Supplied material -
^^^^
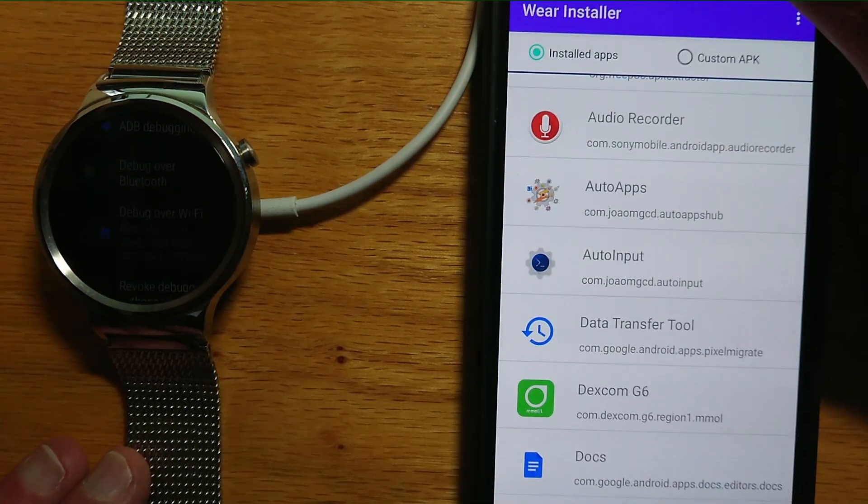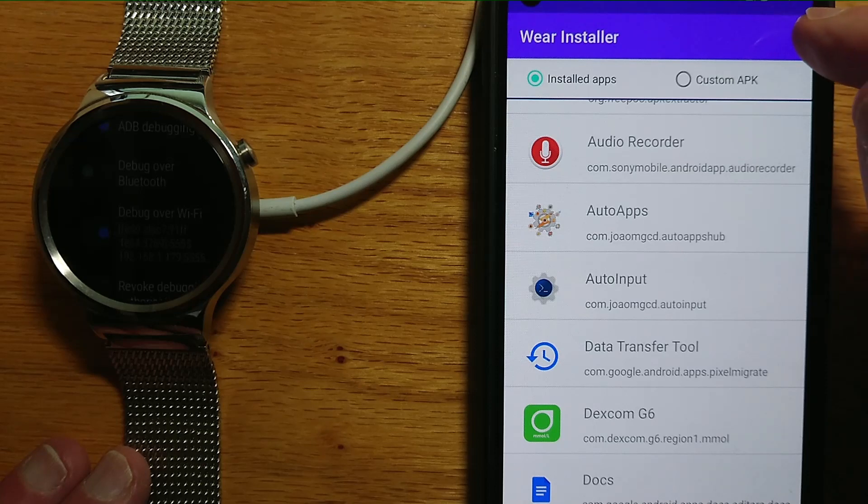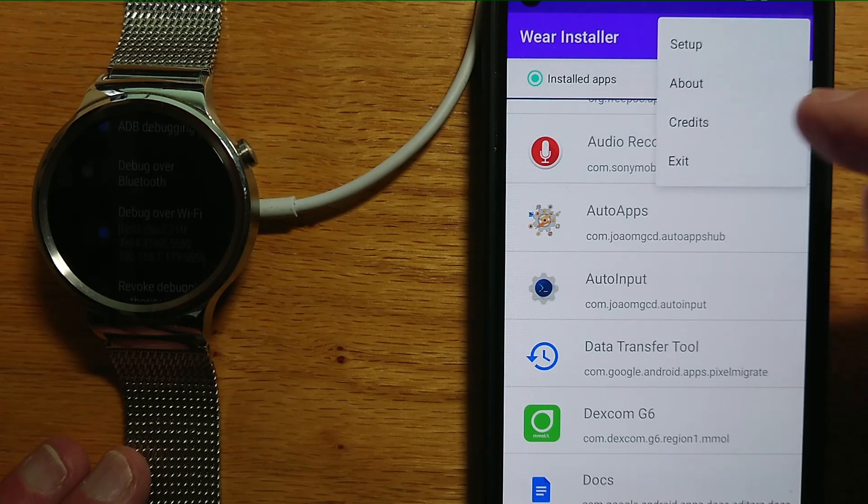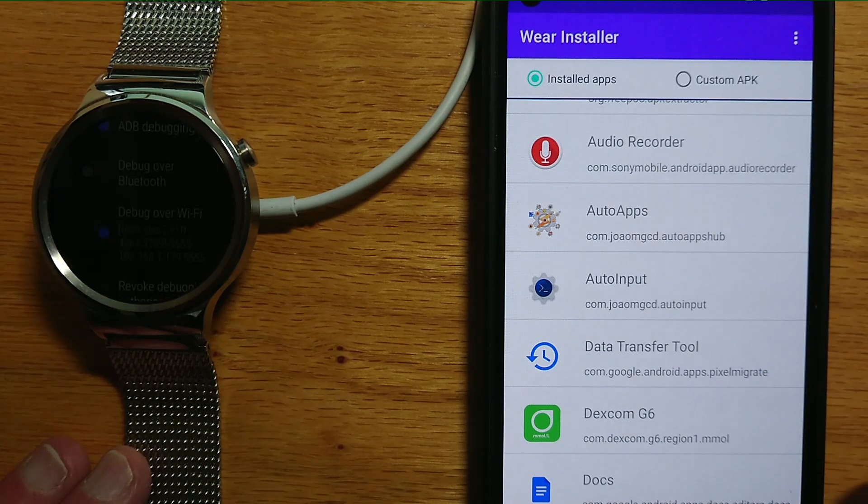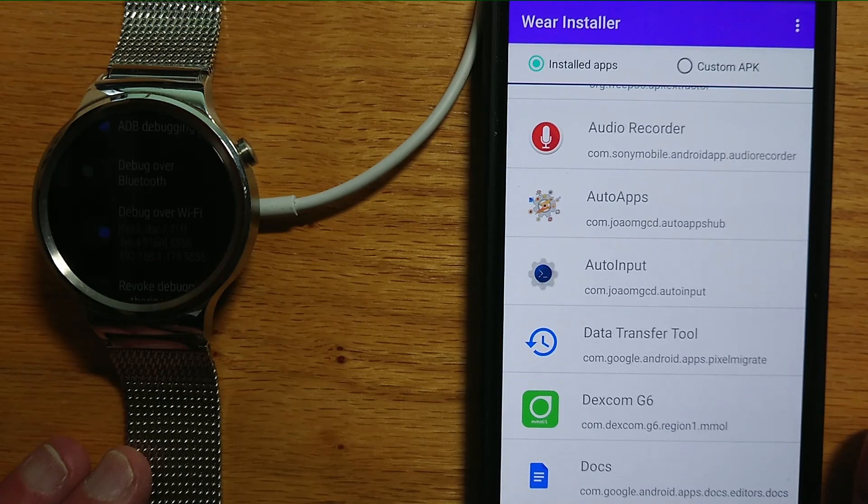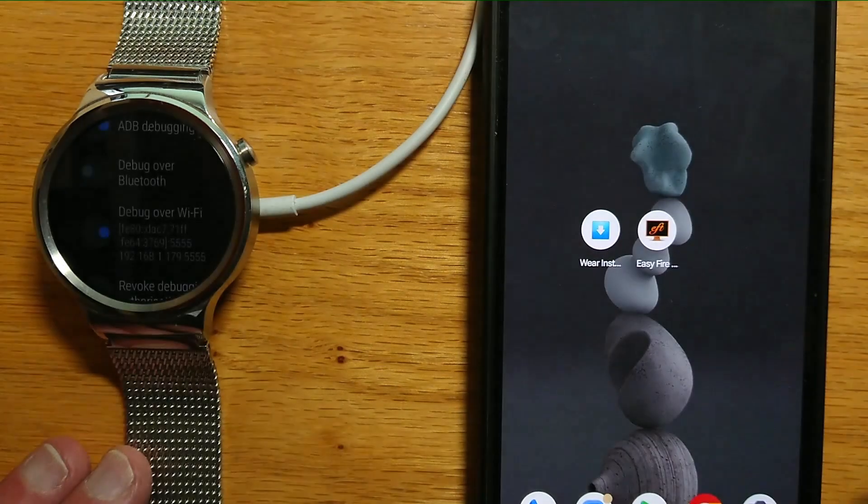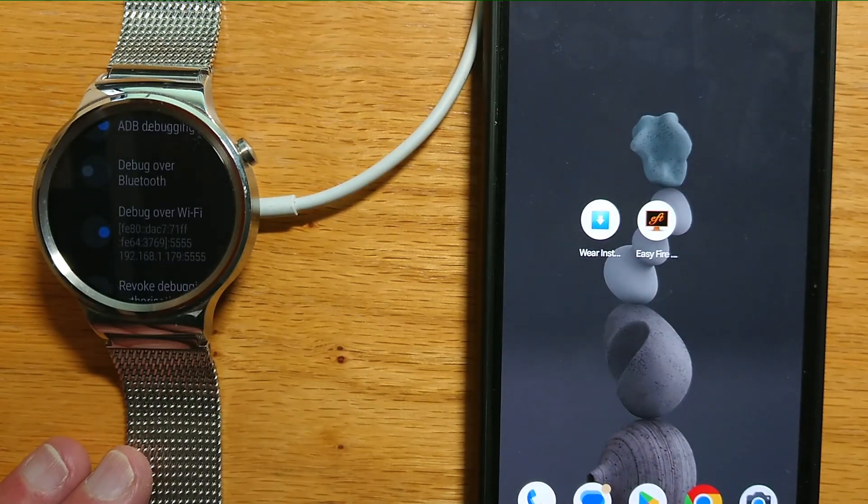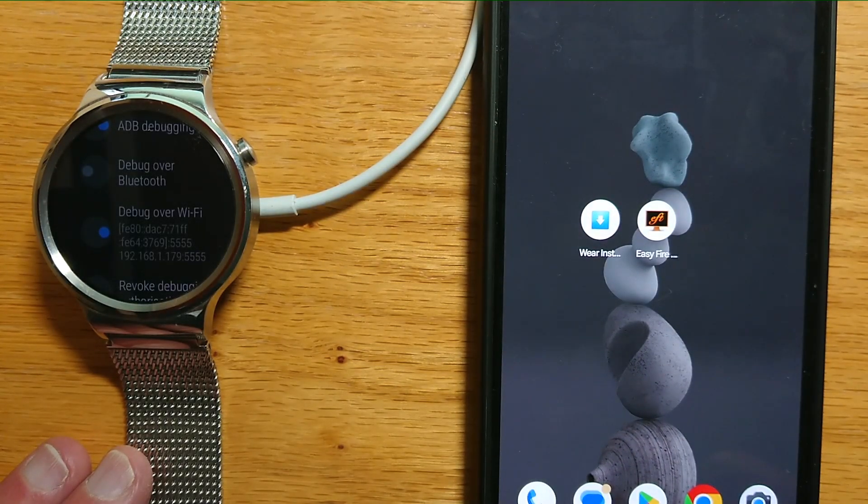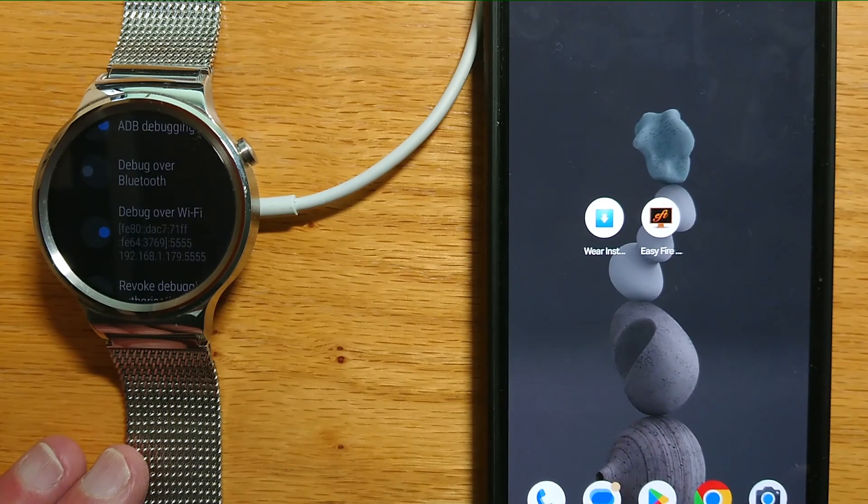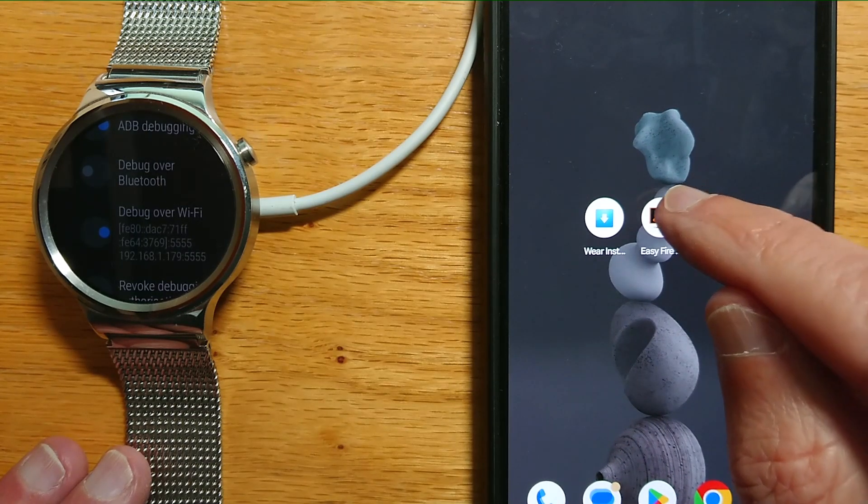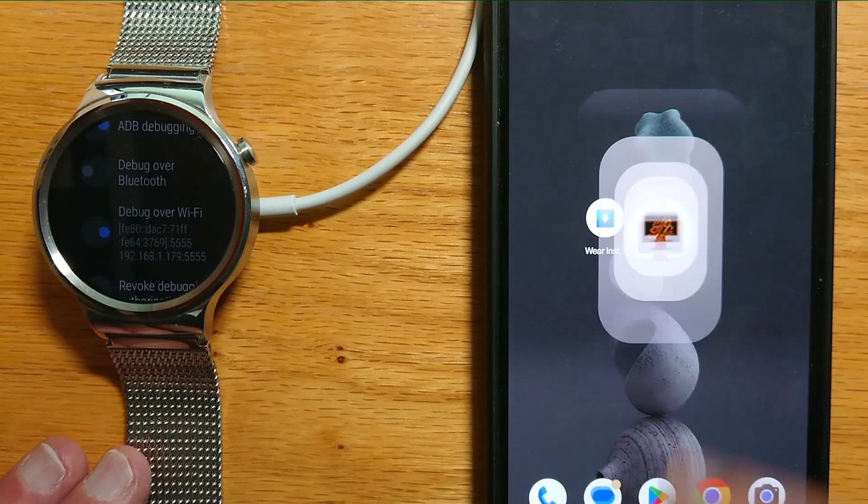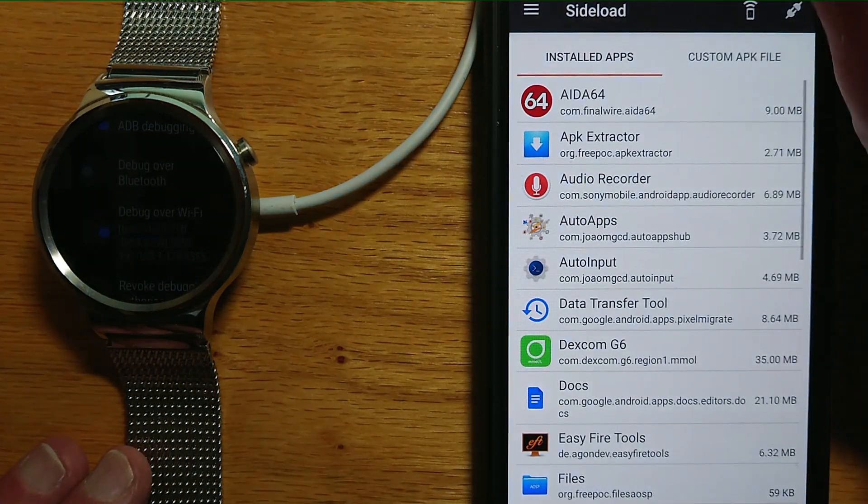Now we're going to come out of WearInstaller and exit. We're going to use another app, not one of mine, but a free app on the Google Play Store called Easy Fire Tools. Let me just enter that app.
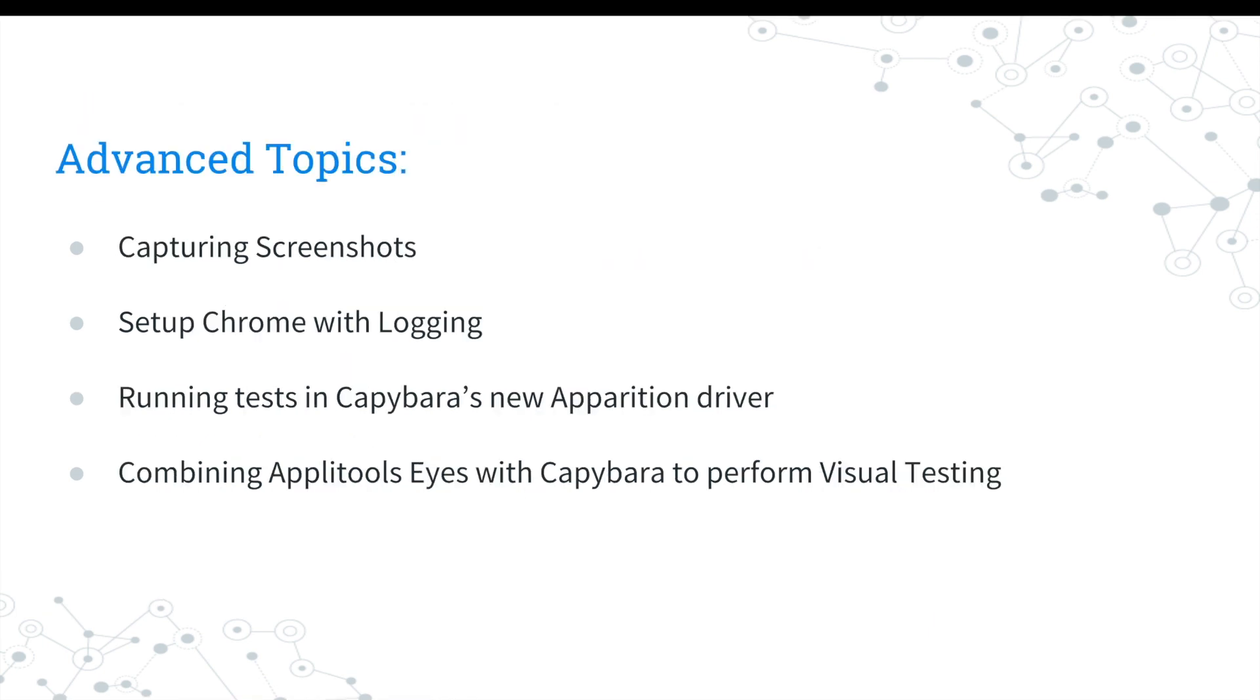We'll also cover advanced topics such as capturing screenshots, setting up Chrome with logging, running tests in Capybara's new apparition driver, and performing visual testing.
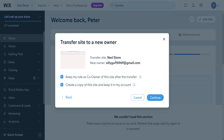That way we will export this Wix website to our new email, and we will have successfully exported the website while also keeping ownership after the transfer.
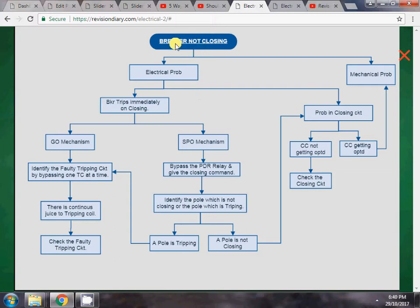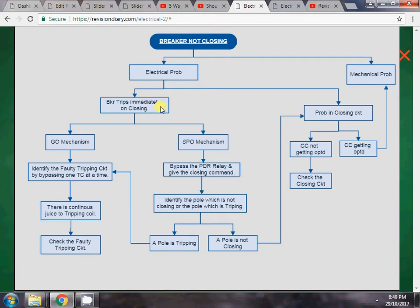This topic is about breaker not closing, which is a very common problem. It can be divided into two types: electrical problem and mechanical problem. The electrical problems we face are: first, the breaker trips immediately on closing, and second, the problem is in the closing circuit itself.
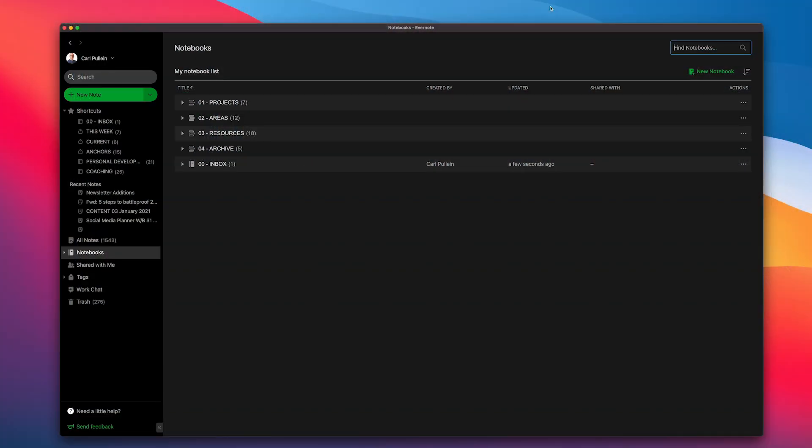Okay, so here we have my notebook structure. Now the way I structure my notebooks is based on Tiago Forte's PARA system. That's Projects, P, Areas, A, R which is Resources and A is Archive. So PARA, P-A-R-A.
^^^^
Exercise - All that should appear in the response is the run of lines from the one with "We'll also cover" through the final line of the records, restated exactly, with pictures omitted.

Solution for this task -
We'll also cover advanced topics such as capturing screenshots, setting up Chrome with logging, running tests in Capybara's new apparition driver, and performing visual testing.
That way we will export this Wix website to our new email, and we will have successfully exported the website while also keeping ownership after the transfer.
This topic is about breaker not closing, which is a very common problem. It can be divided into two types: electrical problem and mechanical problem. The electrical problems we face are: first, the breaker trips immediately on closing, and second, the problem is in the closing circuit itself.
Okay, so here we have my notebook structure. Now the way I structure my notebooks is based on Tiago Forte's PARA system. That's Projects, P, Areas, A, R which is Resources and A is Archive. So PARA, P-A-R-A.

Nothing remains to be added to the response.